John Lewis’s Toxic Race Charges Against McCain
At The Saddleback Church’s Civil Forum on The Presidency last August, Pastor Rick Warren asked John McCain, “Who are the three wisest people you know that you would rely on heavily in an Administration?”
Senator McCain answered, in part:
I think [Congressman] John Lewis. John Lewis was at the Edmund Pettus Bridge. Had his skull fractured. He continues to serve. He continues to have the most optimistic outlook about America. He can teach us all a lot about the meanings of courage and commitment to causes greater than ourselves.
The Edmund Pettus Bridge in Selma Alabama was the site of a violent, 1965 incident, since named Bloody Sunday, an attack by Selma police on a peaceful, civil rights march. John Lewis, who was then President of a civil rights group, The Student Non-Violent Coordinating Committee, was one of the leaders of the protest.
This weekend Congressman Lewis decided to repay John McCain’s reverential expression of respect and admiration by joining the latest Obama-Media coordinated assault, the utterly baseless claim that John McCain’s campaign has become racist and hateful.
Here are excerpts from Congressman Lewis’s remarks, posted on his website:
“As one who was a victim of violence and hate during the height of the Civil Rights Movement, I am deeply disturbed by the negative tone of the McCain-Palin campaign. What I am seeing today reminds me too much of another destructive period in American history…During another period, in the not too distant past, there was a governor of the state of Alabama named George Wallace who also became a presidential candidate.
George Wallace never threw a bomb.
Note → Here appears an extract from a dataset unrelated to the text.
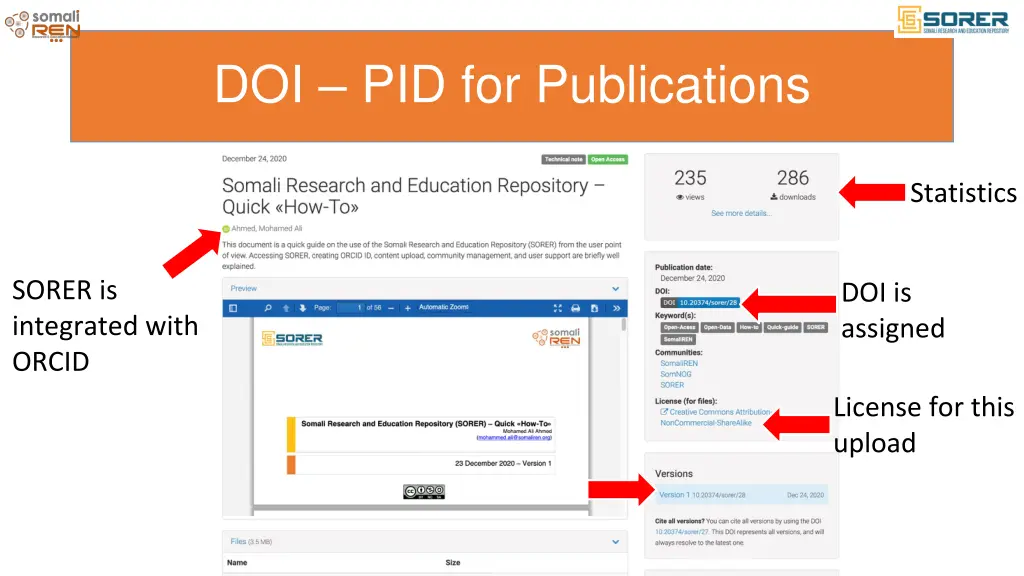 doi pid for publications 1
He never fired a gun, but he created the climate and the conditions that encouraged vicious attacks against innocent Americans who only desired to exercise their constitutional rights. Because of this atmosphere of hate, four little girls were killed one Sunday morning when a church was bombed in Birmingham, Alabama.
“As public figures with the power to influence and persuade, Sen. McCain and Governor Palin are playing with fire, and if they are not careful, that fire will consume us all…
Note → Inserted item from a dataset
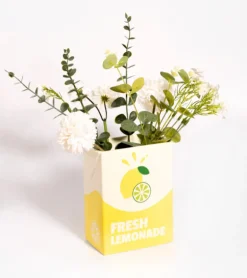 Vase brique de limonade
A later item on the same website, titled “clarification” says…
A careful review of my earlier statement would reveal that I did not compare Sen. John McCain or Gov. Sarah Palin to George Wallace. It was not my intention or desire to do so.
Congressman Lewis claims he didn’t compare McCain and Palin to George Wallace, a virulent segregationist who was Governor of Alabama and a third party candidate for President in 1968. But he sure tried to plant in the mind of the reader/listener the impression that John McCain was acting like George Wallace, going so far as to associate the McCain’s “tone” with the murder of four children in a church bombing.
Lewis’s incendiary remarks are outrageous. We’ve certainly criticized some of John McCain’s statements and ideas. But no honest person would characterize McCain as anything other than an honorable and decent human being. These odious intimations, that Barack Obama has not denounced, are truly disgusting.
Apparently, we’re witnessing an effort by the political-media establishment to convince undecided voters that anyone with the temerity to vote against The One, Barack Obama, is a pernicious racist, who would even condone bombing churches and murdering children.
John Lewis deserves the respect of a grateful nation for his courageous leadership in the Sixties campaign to dismantle the legally sanctioned segregation that was a cancer on America. But his participation in this coordinated smear of Senator McCain and Governor Palin is shameful.


Sadly this far too indicative of how a once legitimate movement simply seeking justice and equality has evolved into an ugly, racist element of leftist politics.